Cleveland
There was a major story that emerged at the RNC convention Monday. Oh, and Melania Trump also gave a speech.
If you want to understand why Americans rank the media somewhere between multilevel marketers and parking enforcement officers in terms of occupational respect, the wall-to-wall coverage of Melania Trump’s plagiarism is an excellent case study. Even Donald Trump is happy that the press are covering his wife’s speech rather than the fact that this has been a bitterly divided convention:
Good news is Melania’s speech got more publicity than any in the history of politics especially if you believe that all press is good press!
— Donald J. Trump (@realDonaldTrump) July 20, 2016
On Monday, a sitting U.S. senator, Mike Lee, led an attempted delegate revolt on the floor of the Republican National Convention in order to defeat the rules package at the convention.The rules as written would have definitively bound all delegates to ensure Trump received the necessary votes to be the nominee. This revolt was quashed when the convention chair, Arkansas congressman Steve Womack, made a hasty and dubious ruling on a disputed voice vote. Calls for a roll call vote were ignored and Womack simply walked off stage. The whole process looked (and sounded) corrupt.
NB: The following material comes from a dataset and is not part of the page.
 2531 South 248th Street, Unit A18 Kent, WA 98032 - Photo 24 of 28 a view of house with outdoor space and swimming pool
The Colorado delegation walked out in protest. “I have never seen the floor abandoned like that,” said Lee. And if you’re looking for a symbolic narrative, Trump’s campaign manager, Paul Manafort, is best known outside of Trumpland for making a (somewhat literal) killing lobbying on behalf of authoritarian thugs specialize in crushing dissent in their own countries. Manafort later joked about a death threat made against an anti-Trump delegate from Utah. And in case you still think all of this Snidely Whiplash characterization of Manafort is over the top, Manafort has been trying to dismiss “reports that [the Trump campaign] lobbied to lessen support for Ukraine against Russia and Russian-backed rebels in the Republican party platform.”
Now political reporters often openly romanticize convention the era when delegates still duked out nominations on the floor, instead of the modern era where they are little more than a theatrical fait accompli. I think there were approximately a thousand “explainers” written this year on why this is the most drama anyone’s seen at an American political convention in decades.
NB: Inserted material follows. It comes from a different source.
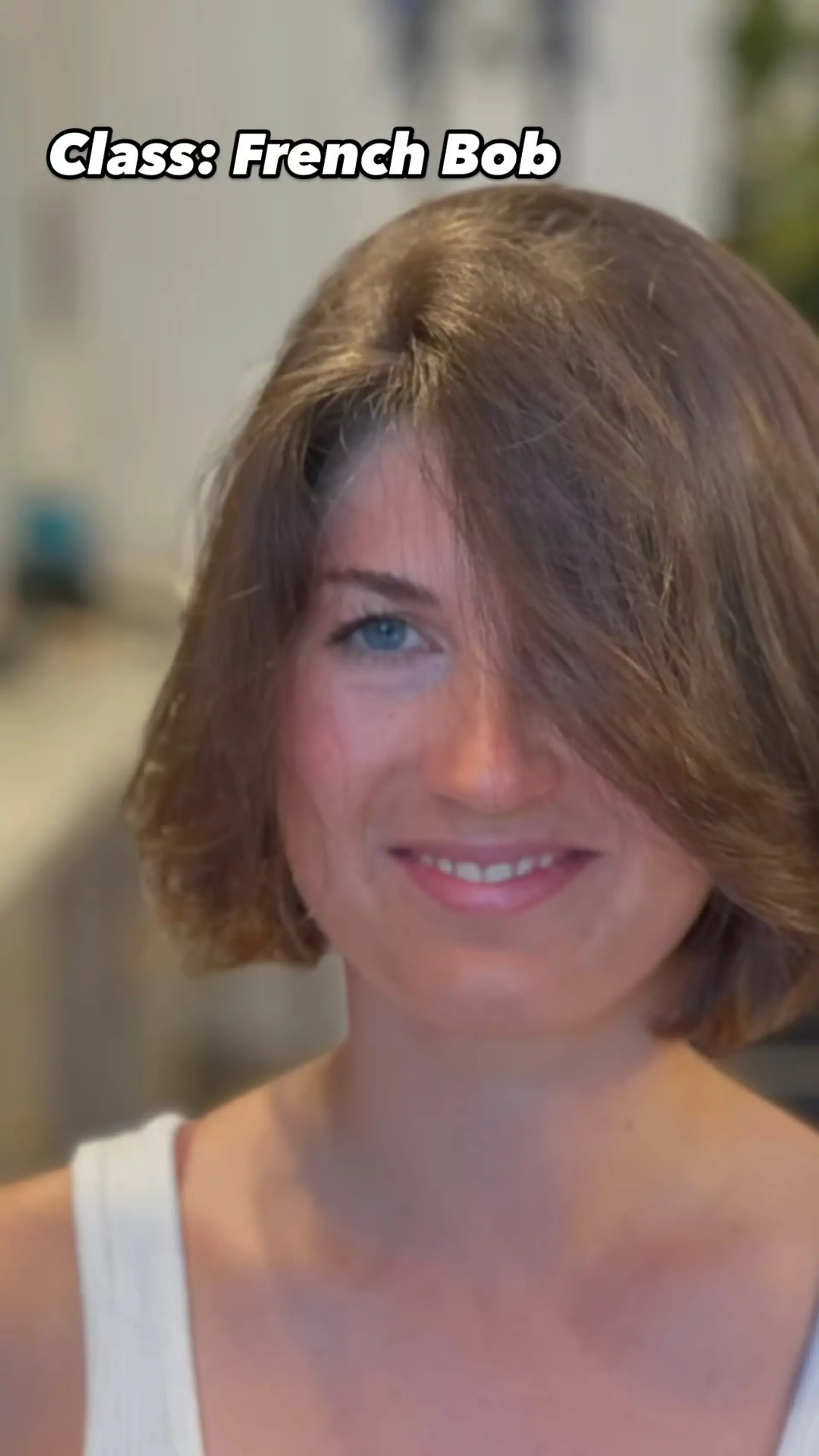 A textured chin-length French bob styled with natural volume and a soft, side-swept fringe framing the face. 1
And yet, we’re going on 36 hours of coverage of Melania Trump’s speech at the RNC. If you’re watching cable news, the coverage has been pretty overwhelming. Perhaps her alleged plagiarism of Michelle Obama’s previous speech should be ignored, but are we really surprised by this given the general unapologetic incompetence of the Trump campaign? And do we really care that the candidate’s wife repeated some boilerplate sentiments from Michelle Obama that were vacuous and unremarkable to begin with?
At the same time, earlier today I spoke with a well-known cable pundit who said his wife called him as the delegate revolt was happening. She was watching C-SPAN and said they had been covering the drama on the floor for nearly an hour. She wanted to know why the cable news networks hadn’t picked up on it yet. Most of the media barely covered the revolt as it was happening, and quickly brushed it aside to spend the next day talking about the horror that is the supposed ethical lapses of the candidate’s Eastern European supermodel third wife.
Now as far as political transgressions go, unlike the delegate revolt, the problems of Melania Trump’s speech may be worth noting but they are comparatively inconsequential. The fact the media seems incapable of making this obvious distinction says volumes about why this country’s political dialogue is so dysfunctional.